A la mañana siguiente, después de revisar mi correo electrónico, me serví una taza de café. Mientras saboreaba su rico aroma, una idea cruzó mi mente, tal y como ocurría de vez en cuando. Se trataba de algo que mi amiga Jeannie dijo en una ocasión: si hubiese escogido un loro gris diferente aquel día de 1977, Alex podría haber pasado una vida anónima y discreta en la habitación de invitados de alguna persona. No fue así, por supuesto, y aquí estábamos, con todo un historial de logros asombrosos a nuestras espaldas, y listos para viajar al siguiente horizonte y más allá de nuestro trabajo juntos. Y teníamos un buen puñado de recuerdos. Me permití saborear todo aquello también, una sensación de felicidad, emoción y seguridad que había eludido desde los emocionantes días en el Media Lab. ¡Sí! Luego volví a mi ordenador.

Entre tanto, me había llegado otro correo electrónico. En el apartado del asunto había una sola palabra:
«Tristeza». Se me fue helando la sangre a medida que fui leyendo el mensaje. «Lamento informarte de que uno de los loros fue encontrado muerto en el fondo de su jaula esta mañana cuando José fue a limpiar la estancia... no estoy seguro de cuál... es la que está en la esquina posterior izquierda de la habitación». El mensaje era de K.C. Hayes, el veterinario jefe de las instalaciones para el cuidado de los animales de la Universidad de Brandeis. 

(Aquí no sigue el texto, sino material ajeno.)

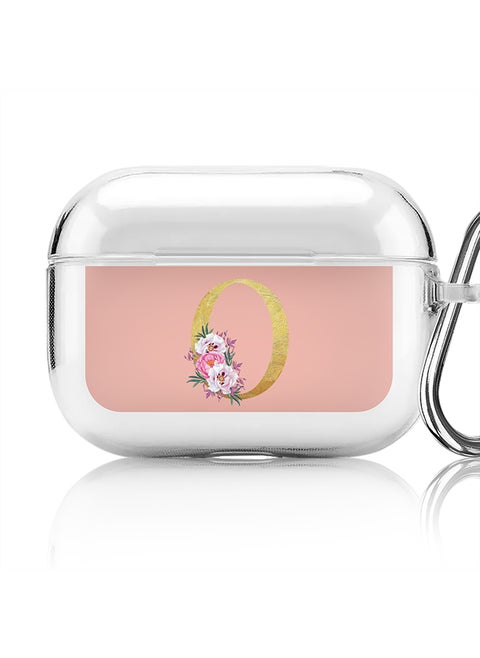 Classic Clear printed Case for Apple AirPods Pro 2nd Generation Thin Transparent Cover - Custom Monogram Initial Letter Floral Pattern Alphabet - O (Rose Pink )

Entré en estado de pánico. ¡No... no... no! La que está en la esquina posterior izquierda de la habitación. ¡Esa es la jaula de Alex! Estaba jadeando, tratando de evitar un miedo creciente. Tal vez esté confundiendo su derecha con su izquierda. Tal vez se haya equivocado. Tal vez no sea Alex. ¡No puede ser Alex! Aunque me aferré a esa débil esperanza cuando agarré el teléfono, sabía que K.C. no se había equivocado. Sabía que Alex estaba muerto. Incluso antes de que pudiera marcar, un segundo correo electrónico de K.C. sonó en la pantalla. El mensaje era simple: «Me temo que es Alex».

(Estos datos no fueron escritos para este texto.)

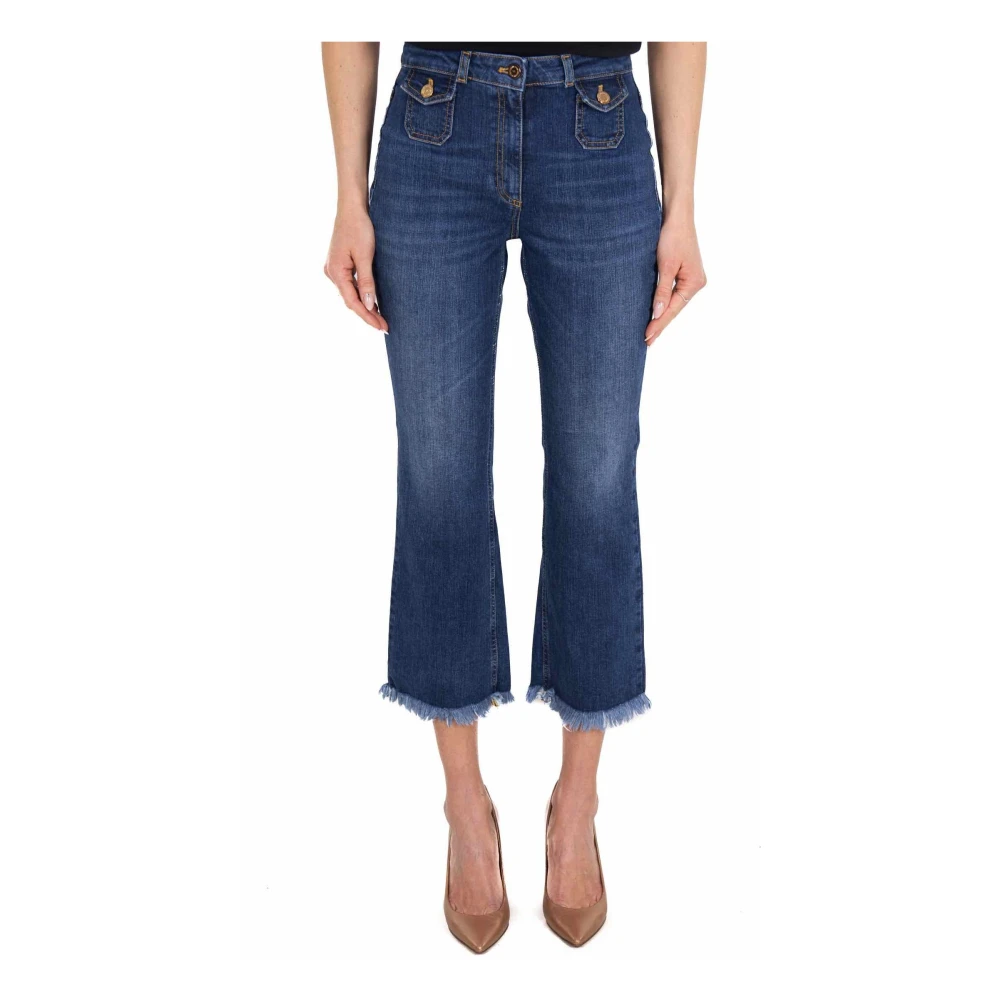Elisabetta Franchi Blauwe Cropped Flare Jeans Met Franje Zoom Blue Dames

Cuando contacté con K.C., las lágrimas y el dolor apenas me permitieron hablar. Me dijo que había envuelto a Alex en un trozo de tela y que lo había metido en el refrigerador que había al final del pasillo del laboratorio. Me puse unos vaqueros y una camisa y salté a mi coche. Nunca sabré cómo logré conducir, dado mi estado. Llamé a Arlene Levin-Rowe [la administradora del laboratorio], porque no quería que entrase en el laboratorio sin que estuviese preparada. La alcancé cuando llegaba al parking situado al pie de la colina donde está el laboratorio.
«Alex está muerto, Alex está muerto», gemí. «Pero tal vez, tal vez se hayan equivocado. Tal vez no sea Alex. Por favor, ve a averiguarlo, Arlene».¿Qué estaba diciendo? Sabía que K.C. no se había equivocado. Sabía que Alex estaba muerto.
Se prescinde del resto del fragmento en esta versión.